When you are a child, you think you will

never die, not until you see someone like you

lying in a small white casket

and you are standing there next to a mother,

watching her cry, thinking that if a child

aged eight could die, then so could I.

A small crowd had gathered on wet soil,

with the sun going down behind the locust tree.

The singing grew as Lamar’s casket was lowered

into a half-hole. A girl, aged five was thrown

across the grave three times. Her father was afraid

that she too might die if Lamar’s ghost

could not learn to forget his past and the living.

I too wanted to be thrown across the grave, but no

one thought it was necessary or perhaps they knew

Lamar did not need me as much as I thought he did.

The crowd stayed until the casket was sealed in

before leaving him to rest

with the older dead. I walked in between the rows

of guinep trees, hoping that if I was to go

to the shops that night, that I would not smell the fresh

ointment on his skin or see him crossing the lane back

to his mother, back to his little room where the tail

of his paper kite still flutters in the wind.

MISCHIEF

I’m not going to tell you who poisoned the old

Tamarind tree. I’m not ready to disclose who was swinging from the

branch or what happened before they landed.

I’m not going to tell you about the empty fishing boat,

sinking. I’m not ready to tell you what happened to the shark that pulled

it in. I’m not going to tell you who tied the plastic around the shark’s head,

or who started the fire under granny’s bed.

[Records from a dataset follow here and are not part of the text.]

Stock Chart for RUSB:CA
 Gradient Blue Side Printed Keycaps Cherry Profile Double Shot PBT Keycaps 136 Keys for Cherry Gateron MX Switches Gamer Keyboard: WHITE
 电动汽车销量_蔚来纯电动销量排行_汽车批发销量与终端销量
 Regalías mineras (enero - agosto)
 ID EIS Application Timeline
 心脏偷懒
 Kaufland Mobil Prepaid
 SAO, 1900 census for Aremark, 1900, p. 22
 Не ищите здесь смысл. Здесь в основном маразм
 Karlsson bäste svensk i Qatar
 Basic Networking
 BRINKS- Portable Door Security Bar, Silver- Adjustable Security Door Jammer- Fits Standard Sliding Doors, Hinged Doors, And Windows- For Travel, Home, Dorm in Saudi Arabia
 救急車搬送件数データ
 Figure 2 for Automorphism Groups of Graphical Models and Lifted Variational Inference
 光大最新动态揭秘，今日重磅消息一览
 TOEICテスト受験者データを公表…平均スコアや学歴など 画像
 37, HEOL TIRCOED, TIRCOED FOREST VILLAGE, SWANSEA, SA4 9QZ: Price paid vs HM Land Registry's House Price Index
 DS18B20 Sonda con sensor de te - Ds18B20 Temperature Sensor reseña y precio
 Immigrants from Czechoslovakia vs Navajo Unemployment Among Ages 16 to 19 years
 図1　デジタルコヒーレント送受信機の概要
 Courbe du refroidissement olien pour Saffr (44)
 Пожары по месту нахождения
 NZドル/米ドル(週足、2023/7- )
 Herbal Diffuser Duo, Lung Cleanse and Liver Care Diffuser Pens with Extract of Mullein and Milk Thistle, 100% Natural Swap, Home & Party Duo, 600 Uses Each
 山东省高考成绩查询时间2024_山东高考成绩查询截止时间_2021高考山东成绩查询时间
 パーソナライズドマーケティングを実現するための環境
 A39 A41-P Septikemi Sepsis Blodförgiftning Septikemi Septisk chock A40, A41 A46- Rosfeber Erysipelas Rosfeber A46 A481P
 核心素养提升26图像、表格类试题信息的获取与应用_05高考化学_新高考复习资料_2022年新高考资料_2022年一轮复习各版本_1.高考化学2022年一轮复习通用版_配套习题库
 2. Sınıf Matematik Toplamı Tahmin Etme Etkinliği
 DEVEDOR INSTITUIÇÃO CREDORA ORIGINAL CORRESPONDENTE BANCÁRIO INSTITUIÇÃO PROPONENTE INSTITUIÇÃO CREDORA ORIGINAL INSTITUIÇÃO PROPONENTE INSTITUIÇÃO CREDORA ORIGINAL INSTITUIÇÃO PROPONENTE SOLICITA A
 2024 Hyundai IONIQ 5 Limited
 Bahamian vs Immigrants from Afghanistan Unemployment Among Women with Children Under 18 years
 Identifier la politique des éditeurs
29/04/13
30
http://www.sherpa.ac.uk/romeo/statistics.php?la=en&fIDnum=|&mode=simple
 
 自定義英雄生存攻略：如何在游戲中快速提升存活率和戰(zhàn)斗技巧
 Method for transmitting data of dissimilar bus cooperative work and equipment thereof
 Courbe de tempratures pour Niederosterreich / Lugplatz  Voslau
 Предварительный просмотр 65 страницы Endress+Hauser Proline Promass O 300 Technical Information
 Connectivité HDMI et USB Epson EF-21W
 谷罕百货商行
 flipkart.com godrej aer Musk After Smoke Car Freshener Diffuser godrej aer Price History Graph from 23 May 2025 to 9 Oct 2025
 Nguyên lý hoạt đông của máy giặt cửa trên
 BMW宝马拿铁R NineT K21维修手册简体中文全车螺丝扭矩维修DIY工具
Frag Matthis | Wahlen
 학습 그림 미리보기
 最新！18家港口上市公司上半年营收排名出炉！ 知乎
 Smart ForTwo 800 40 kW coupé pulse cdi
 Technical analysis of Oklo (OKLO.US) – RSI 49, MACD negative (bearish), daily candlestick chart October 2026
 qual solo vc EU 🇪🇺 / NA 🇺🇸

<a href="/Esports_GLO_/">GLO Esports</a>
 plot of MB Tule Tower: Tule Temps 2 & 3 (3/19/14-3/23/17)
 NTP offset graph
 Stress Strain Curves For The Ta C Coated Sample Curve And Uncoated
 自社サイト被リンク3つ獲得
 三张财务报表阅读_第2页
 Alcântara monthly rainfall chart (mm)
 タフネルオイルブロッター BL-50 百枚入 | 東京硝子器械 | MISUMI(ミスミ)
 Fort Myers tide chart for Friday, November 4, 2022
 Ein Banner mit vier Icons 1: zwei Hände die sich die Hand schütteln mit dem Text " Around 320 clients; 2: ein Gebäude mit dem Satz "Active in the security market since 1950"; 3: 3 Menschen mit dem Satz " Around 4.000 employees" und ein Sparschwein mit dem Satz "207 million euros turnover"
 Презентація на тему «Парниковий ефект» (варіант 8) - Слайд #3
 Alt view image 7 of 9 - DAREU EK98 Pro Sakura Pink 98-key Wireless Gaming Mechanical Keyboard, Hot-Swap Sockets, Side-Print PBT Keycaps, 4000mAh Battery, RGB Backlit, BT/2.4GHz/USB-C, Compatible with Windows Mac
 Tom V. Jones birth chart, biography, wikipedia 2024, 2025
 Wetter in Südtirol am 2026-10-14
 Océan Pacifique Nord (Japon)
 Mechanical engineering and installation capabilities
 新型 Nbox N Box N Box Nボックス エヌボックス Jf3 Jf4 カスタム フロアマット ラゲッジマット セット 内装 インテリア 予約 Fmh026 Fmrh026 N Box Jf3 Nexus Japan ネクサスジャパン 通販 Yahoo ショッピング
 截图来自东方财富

I’m not ready to tell you who smoked the last cigarette, the tobacco,

and the seaweed from the cabinet. I’m not going to tell you who stole the money

from the letter, the mattress, and the saving can.

I’m not going to tell you who drank the Appleton rum,

then hid the bottle under the drum.

I’m not ready to disclose who muddied the white blankets on the wire,

drying. I’m not going to tell you who wore your favorite slipper,

or whose dog chewed up the leather strap.

I’m not going to tell you who set fire to the cat’s tail

or who puts it out with a blanket from the trunk.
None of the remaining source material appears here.